Morgan: Are gun 'facts' off target?

Much of what passes for ancient and infallible wisdom comes from oral history traditions, some credited to "old wives."

"They" insisted that eating within an hour before swimming increases the risk of muscle cramps or drowning, That theory has been disproved.

Eating crusts would curl your hair. Not. Throwing salt over your left shoulder would banish the devil that sits on it. Oh, I wish. Hair and nails grow after death; no, they don’t. Sleepwalkers can be harmed if awakened. Not so.

History is rife with misrepresentations and misconceptions that facts belie, but it’s so easy to just keep the tales going because the truth takes a little work and the fables are more fun. I checked Wikipedia and found a well-documented wealth of myths widely held to be truthful but now known to be false.

For instance, what caused the Great Chicago Fire of 1871? I know the answer: Mrs. O’Leary’s cow kicked over a lantern. No, that was just some newspaperman trying to enhance his copy without a speck of truth. George Washington had wooden teeth, didn’t he? Nope. His teeth were made of gold, lead, hippopotamus ivory, and human, horse and donkey teeth.

Public schools still teach, I think, that the first thanksgiving in North America was in Plymouth Colony, but it was the Spaniards who marked the first thanksgiving in St. Augustine, Fla., in 1565. A 19th century writer, who long championed a national thanksgiving holiday, created the story of the Pilgrims in Plymouth Colony.

We all know — with certainty — the Declaration of Independence was signed July 4, 1776, but only the final language of the document was approved that day; it was printed and distributed on the Fourth and Fifth, and signed on Aug. 2, 1776.

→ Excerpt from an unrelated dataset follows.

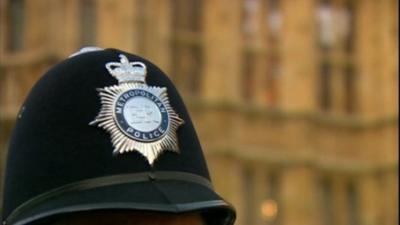 Policeman's hat near Houses of Parliament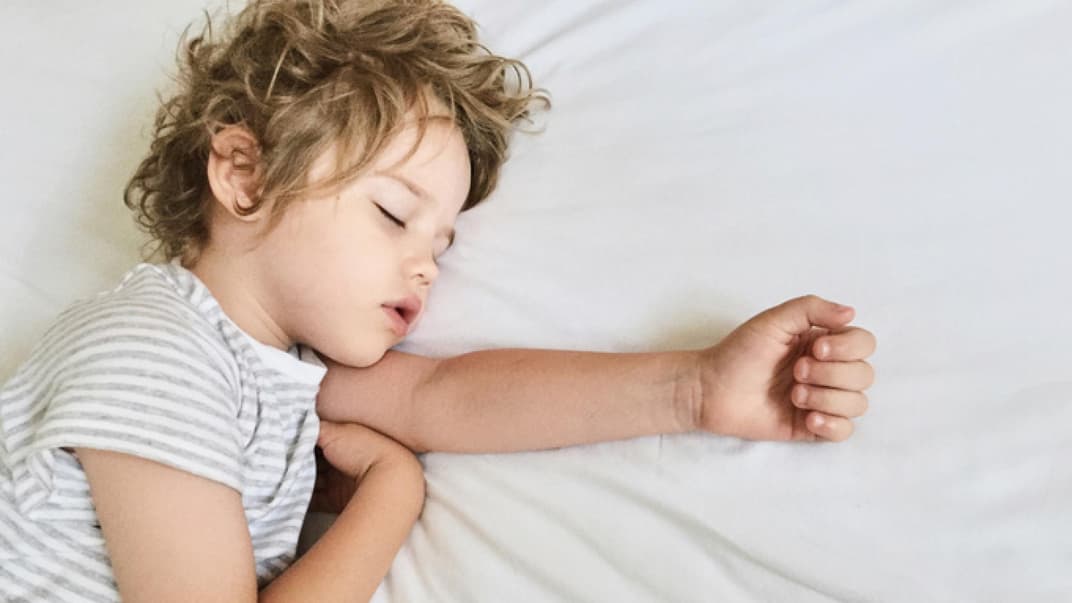 Kleines Kind schläft im Bett.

Had that date been promulgated, it would make the story of Thomas Jefferson and John Adams dying simultaneously on July 4, 1826, a bit less interesting.

The Great Wall of China cannot be seen from outer space, contrary to what we think, and the Vikings did not wear horns on their helmets. Houseflies live 20-30 days, not just 24 hours. Sushi doesn’t mean raw fish, but rather soured or vinegar rice. Sunflowers don’t track the path of the sun across the sky. The sweat glands of dogs aren’t in their tongues but in the pads of their feet. Ostriches don’t hide their heads in the sand. Bulls are not enraged by the color red, only by the matador’s menacing moves.

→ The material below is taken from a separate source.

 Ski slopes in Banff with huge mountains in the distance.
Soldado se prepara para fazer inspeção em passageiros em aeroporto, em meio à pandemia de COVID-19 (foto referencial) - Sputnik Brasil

Frankenstein isn’t the name of the monster in the novel or the films, but the last name of its fictional creator, Victor Frankenstein.

Columbus didn’t discover America, only some Caribbean islands, but a fellow named Leif Ericson found North America when he discovered Newfoundland. Marco Polo is said to have imported pasta to Italy from China, but centuries before his travels, Arabs brought it into Italy when they attacked Sicily in the 7th Century.

Marie Antoinette never said of the starving peasants: "Let them eat cake." There is no scientific evidence of a photographic memory. Sugar doesn’t cause hyperactivity in children, even those with AD/HD, studies show.

We live our lives finely balanced between truth and fiction, fact and fantasy.

Some studies in recent years have found many — too many — of us believe the proven fallacies when they support our own opinions, even when those fallacious beliefs don’t serve our most pressing needs and welfare.

For some very strange reason, fiction is more palatable than fact.

I’m one of those when it comes to gun crimes. The facts say violent crime and gun-related crimes have declined since their mid-1990s peak, but 50 percent of Americans believe they’re up.

Gun sales are dizzying in many places, even after we saw the Gabrielle Giffords shooting, the Colorado theater shooting and the Sandy Hook elementary school carnage.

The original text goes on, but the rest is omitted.